Posts Tagged ‘CSS3’

Buttons: Part 2

Saturday, May 30th, 2009

I guess I was younger, back when I made my first set of buttons. I went back to them today, and found that they didn’t work in other browsers. Also, I wanted to see if I could make them with HTML (seems like my latest craze).

Webkit is stuffed full of strange and amazing tags that let you set background gradients, text shadows, rounded corners, rotations, and pretty much anything else you could want. It’s missing outline-radius, though, which meant I had to use two divs to create the button I had designed in Paint Shop Pro. And a span. But that’s all!
It had two borders, each with a small amount of radius, a linear gradient background, :target tags so it looks like you click it, text shadow to get the 3D appearance, and whole bunch of regular old CSS2 and CSS1.

When I was done, however, I realized that, while it still worked in other browsers, there was no background. Yet again, I had made something that was only viewable in webkit.
I tossed the gradients from my image buttons into another image and used that as a background for everything not-webkit, but there’s a bit of white sticking out of the bottom. Things just aren’t lining up the same in every browser, which is a pain to work with. I’ve never really needed to worry about 0.02em before today. It turns out that’s a fair amount.

Anyway, I’ve got the newer version here for your perusal.
(As if I’m submitting it for your approval, or something.)
As I said before, it looks best in Chrome or Safari. The little font-changing button doesn’t seem to work in Firefox, for little or no reason. It looks stupid in IE7 and lower, because there’s no :focus selector, which means it’s not really a button.

What am I going to do with it, now? I saw some great article about progressive enhancement that laid out about five images beside eachother, and each one showed a more feature-rich page in a different browser. In that light, I think I’ll try my hand at making some sort of tab that turns into a great-looking button when you view it in a more advanced browser.
It appears Firefox lacks support for things Webkit and Opera have, like text shadows. 3.5 is going to be an important release.

Also, I’ve noticed, lately, that I refer to Firefox, Opera, and Webkit, because it seems a bit redundant to mention both Safari AND Chrome when talking about rendering. I’ll talk about one or the other when it’s about browser features (like how I’m jealous of Safari’s document inspector), but otherwise I’ll just refer to the Webkit engine.

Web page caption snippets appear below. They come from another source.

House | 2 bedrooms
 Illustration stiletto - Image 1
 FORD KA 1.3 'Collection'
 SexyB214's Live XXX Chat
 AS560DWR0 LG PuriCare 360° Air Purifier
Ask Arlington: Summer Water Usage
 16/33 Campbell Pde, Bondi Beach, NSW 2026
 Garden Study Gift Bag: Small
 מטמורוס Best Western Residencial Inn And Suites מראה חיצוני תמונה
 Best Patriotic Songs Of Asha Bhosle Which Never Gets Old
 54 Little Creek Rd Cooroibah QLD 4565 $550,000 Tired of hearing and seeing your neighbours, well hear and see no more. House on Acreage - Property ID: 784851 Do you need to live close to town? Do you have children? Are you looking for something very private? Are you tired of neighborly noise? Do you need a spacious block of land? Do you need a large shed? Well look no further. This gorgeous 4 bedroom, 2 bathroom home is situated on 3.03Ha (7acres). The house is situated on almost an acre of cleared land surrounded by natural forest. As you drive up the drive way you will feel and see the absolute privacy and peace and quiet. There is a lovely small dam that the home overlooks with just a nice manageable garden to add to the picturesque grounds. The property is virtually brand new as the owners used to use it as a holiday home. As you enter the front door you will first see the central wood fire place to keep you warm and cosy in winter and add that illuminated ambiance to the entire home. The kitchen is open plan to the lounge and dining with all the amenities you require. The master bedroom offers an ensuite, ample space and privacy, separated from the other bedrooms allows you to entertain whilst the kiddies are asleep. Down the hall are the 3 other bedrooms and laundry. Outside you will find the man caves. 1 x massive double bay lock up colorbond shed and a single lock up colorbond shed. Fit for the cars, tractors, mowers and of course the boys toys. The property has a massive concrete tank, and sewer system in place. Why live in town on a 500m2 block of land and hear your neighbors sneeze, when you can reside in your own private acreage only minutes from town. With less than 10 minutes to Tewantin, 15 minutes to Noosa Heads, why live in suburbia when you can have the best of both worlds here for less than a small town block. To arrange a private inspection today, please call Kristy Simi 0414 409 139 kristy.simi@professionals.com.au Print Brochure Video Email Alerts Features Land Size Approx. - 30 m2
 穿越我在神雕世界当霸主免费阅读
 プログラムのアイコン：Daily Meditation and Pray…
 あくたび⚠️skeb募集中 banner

So this whole day has been an exercise in jQuery. I’m trying to find out how to get certain elements from the context array (whatever it’s called). It seems .get() doesn’t allow things like the .text() tag or the .html() tag. Maybe if I wrapped that in another jQuery object…

Complete (Un)Success!

Wednesday, May 27th, 2009

I’ve been playing around with CSS3, lately.
One very specific thing I do is make images that are a bit larger than they appear on my screen, because I know people are going to set their text sizes differently. Another thing I do is scale things depending on width or such, so that everything fits the best it can.

With today’s background-images, the image is rendered at 100% zoom even if you want it in a smaller box. That means I need to put images in my markup, or at least it means I can’t just switch them out using only CSS.

This is where CSS3 comes in: Konqueror, Opera, Safari, and Chrome can set background-images to specific widths and heights. I just set visibility:hidden on my old image, and copied the width and height to my CSS background-image (in this case, background-size:100% auto). Voila!

If you’ve visited using Webkit or Gecko, you’ll notice that I have rounded corners. That means the corners are square for Opera, Konqueror, all IE versions, and whatever else. This CSS image replacement doesn’t work in Firefox or IE (strange how Firefox is missing support on it), which makes it look terrible in those browsers. It’s not something that you could put out publicly.
Altogether, this means my page only renders correctly in Webkit. That’s about… 5% of the total market?

I guess I’ll be stuck hacking up some PHP for my page bodies. For those of you who want to see my simple little session-switched thing, you can visit Cozy Cabbage, then put a ?grey in the address bar, and then ?green to switch back.